— REQUIRED ACTION —
From the line containing "8502 Dorset Drive Property Photo 35" to the last line of the data, both included, transcribe each line exactly, leaving out pictures and adding nothing.

━━━ SUPPLIED RECORDS

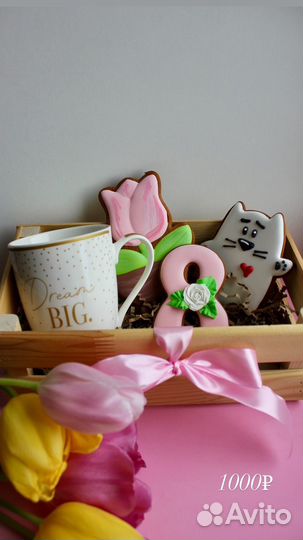 Подарочный набор на 8 марта в ящике с кружкой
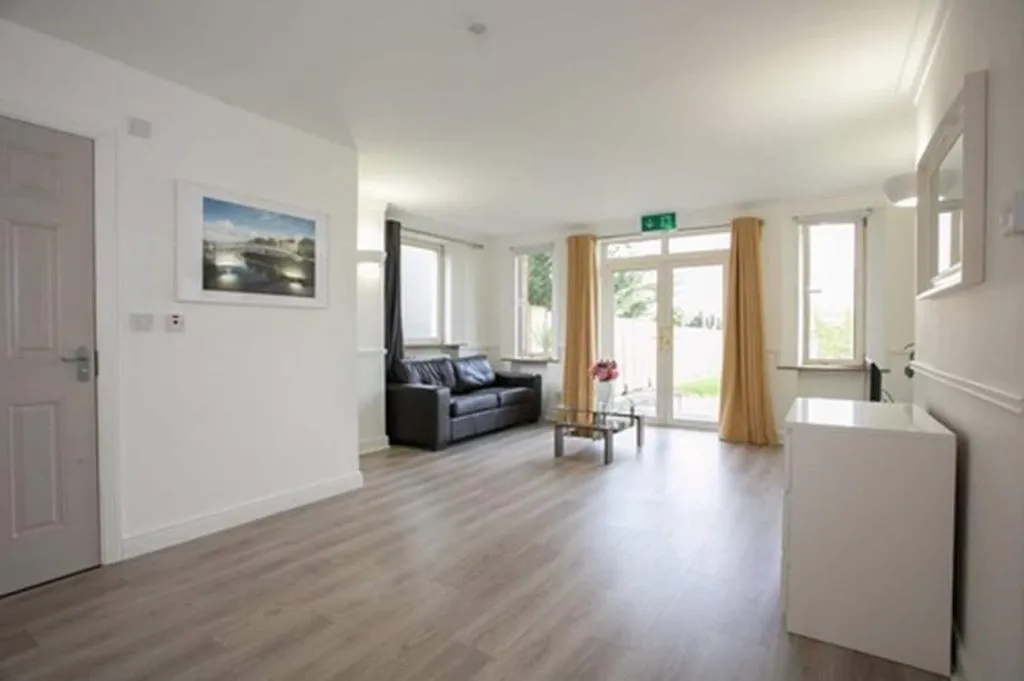 Room, Ballsbridge Townhouse - Merrion Road, Dublin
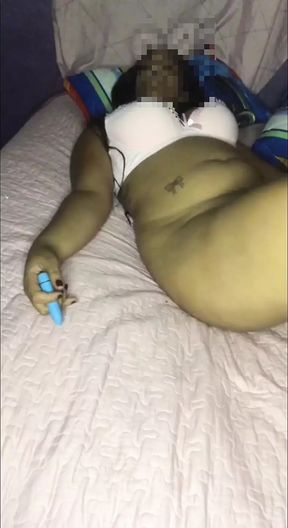 Big booty latina with big pussy addicted to handjobs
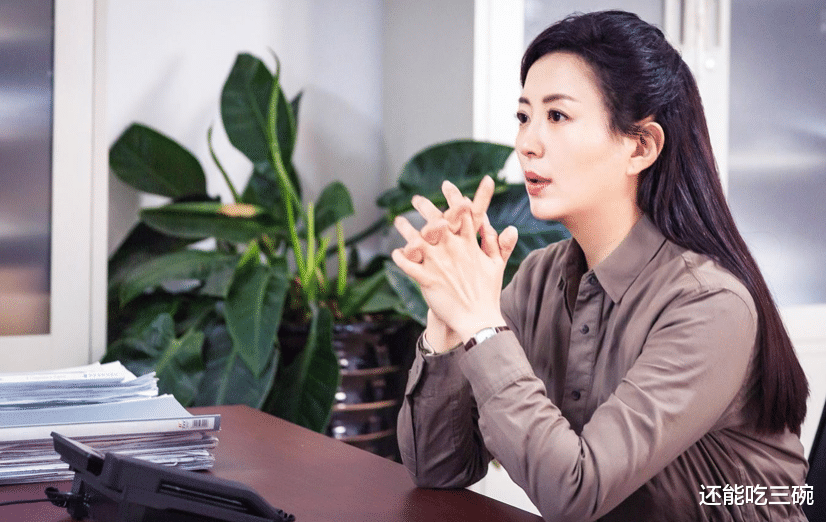 主持人|她是央视女主持人，拍戏期间意外怀孕，儿子11岁生父还是一个谜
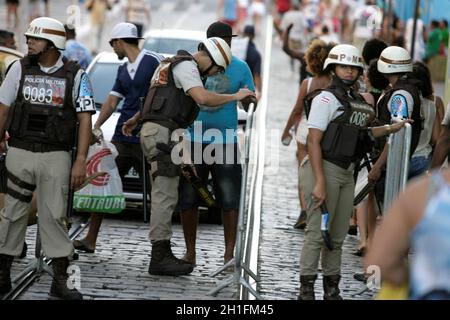 salvador, bahia / brasilien - 4. februar 2016: Militärpolizisten machen in einem Zugangsportal zum Karneval eine Inspektion mit Metalldetektoren an Menschen Stockfoto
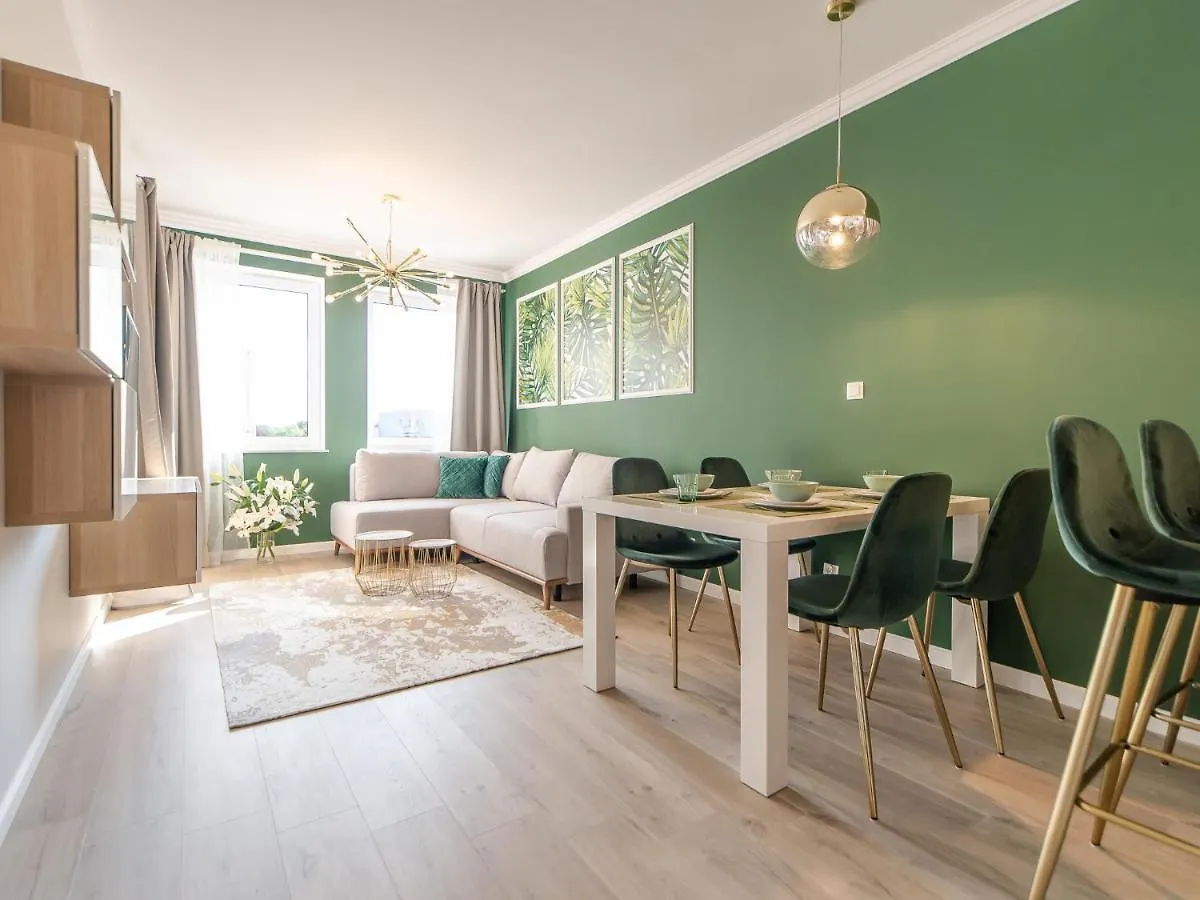 Apartamenty Blekit Na Fali - Miodowy Dom Kolobrzeg 0*,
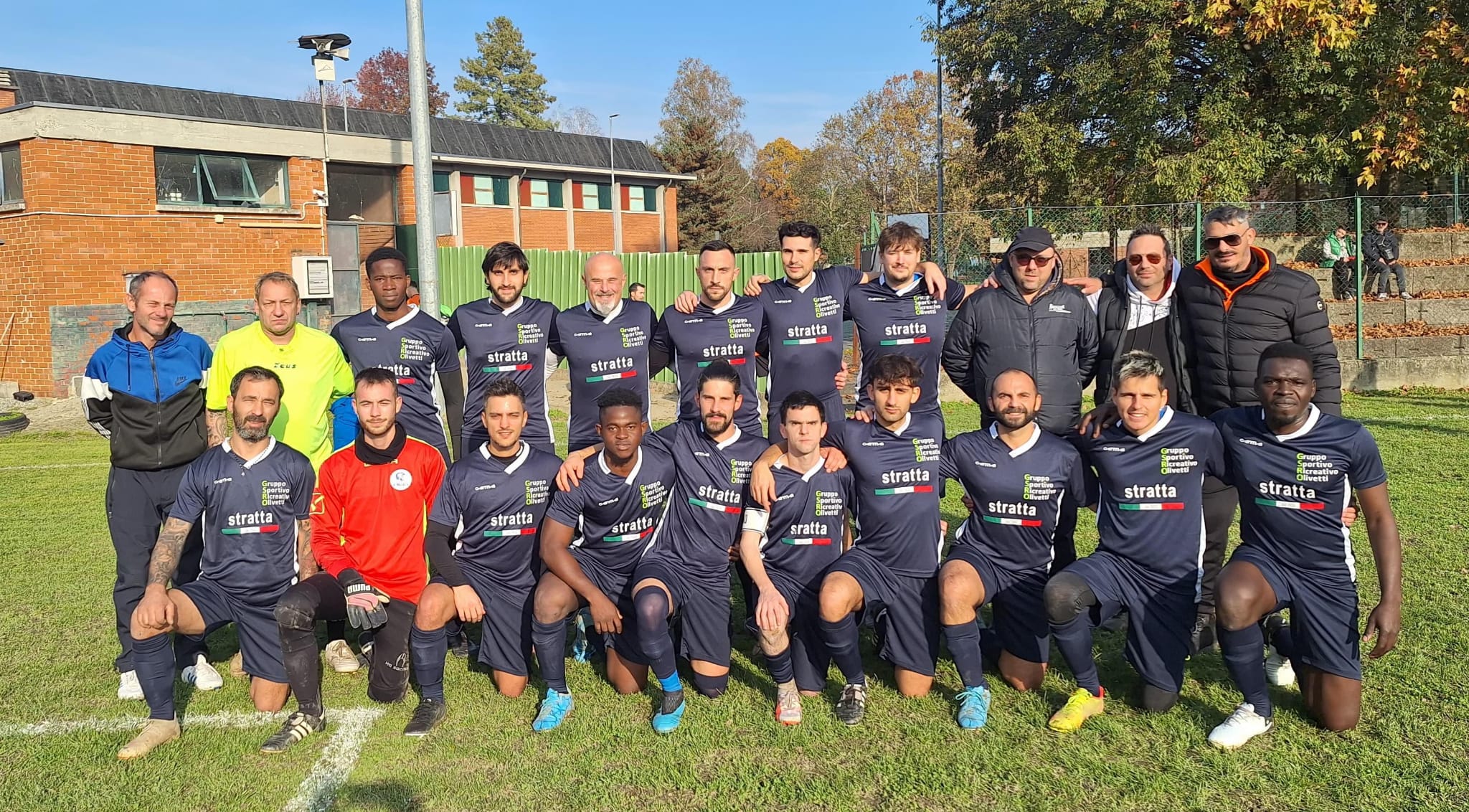 club kit photo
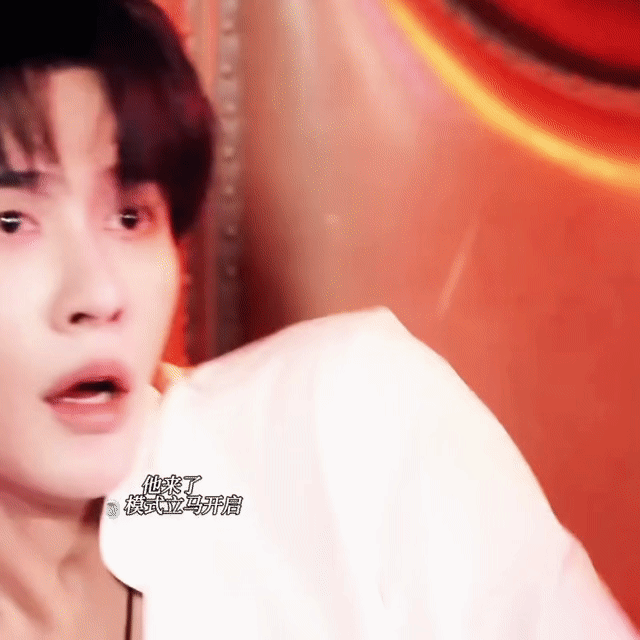 申浩男新剧阴湿男味太对了 申浩男身上那股子“阴湿男味”，真是越品越对味！他不靠浮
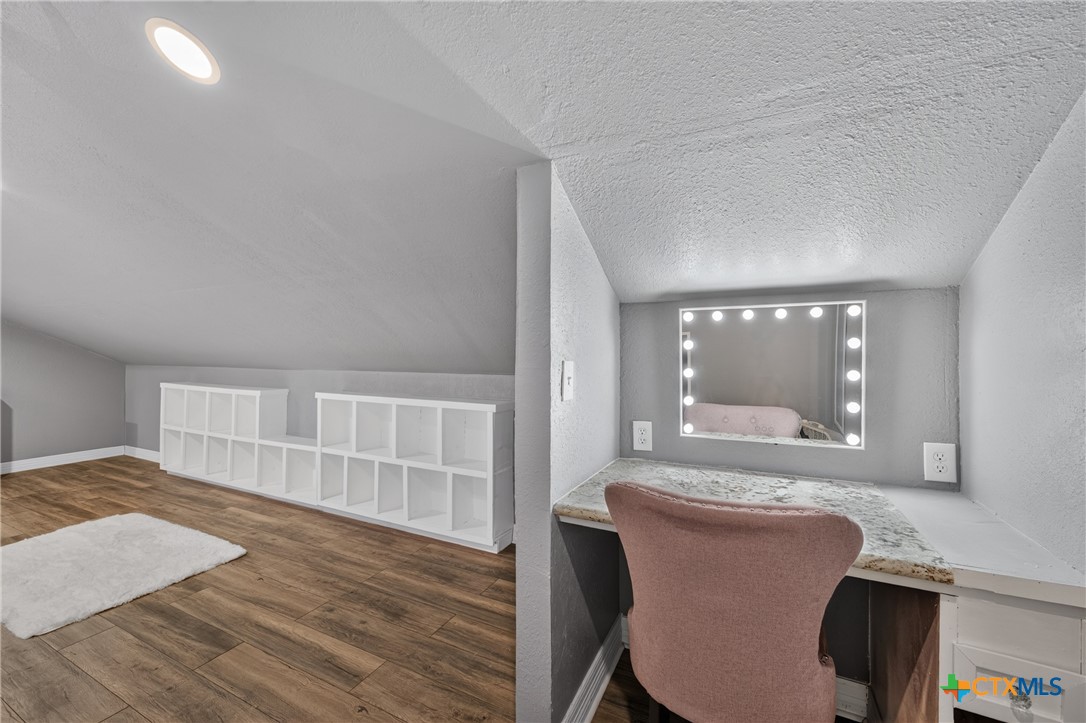 8502 Dorset Drive Property Photo 35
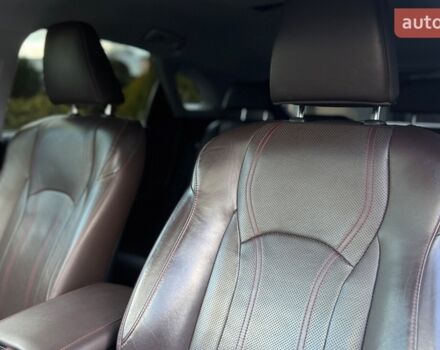 Белый Лексус РХ, объемом двигателя 2 л и пробегом 70 тыс. км за 47900 $, фото 11 на Automoto.ua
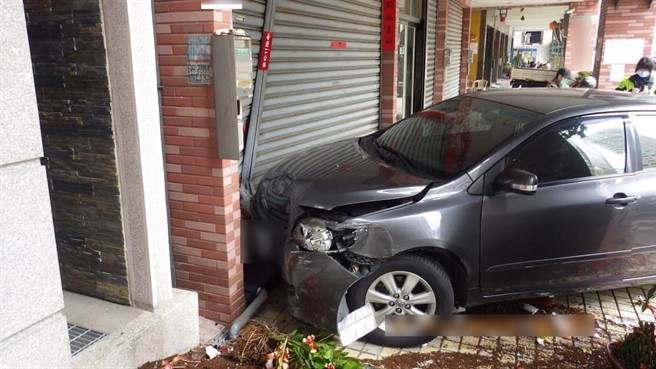 刘女疑似不熟练车况，误踩油门，导致车辆暴衝，撞向左营区一家知名炸鸡店大门。（翻摄照片／林瑞益高雄传真）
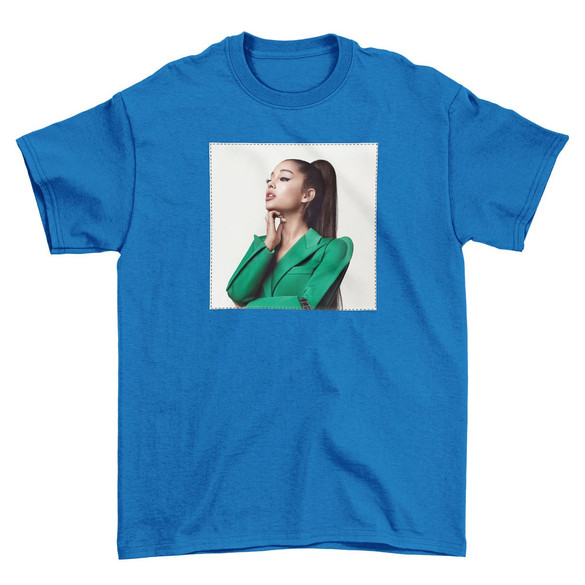  Koszulka z naszywką ARIANA GRANDE 01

━━━━━━

— RESPONSE BOX —
 8502 Dorset Drive Property Photo 35
 Белый Лексус РХ, объемом двигателя 2 л и пробегом 70 тыс. км за 47900 $, фото 11 на Automoto.ua
 刘女疑似不熟练车况，误踩油门，导致车辆暴衝，撞向左营区一家知名炸鸡店大门。（翻摄照片／林瑞益高雄传真）
  Koszulka z naszywką ARIANA GRANDE 01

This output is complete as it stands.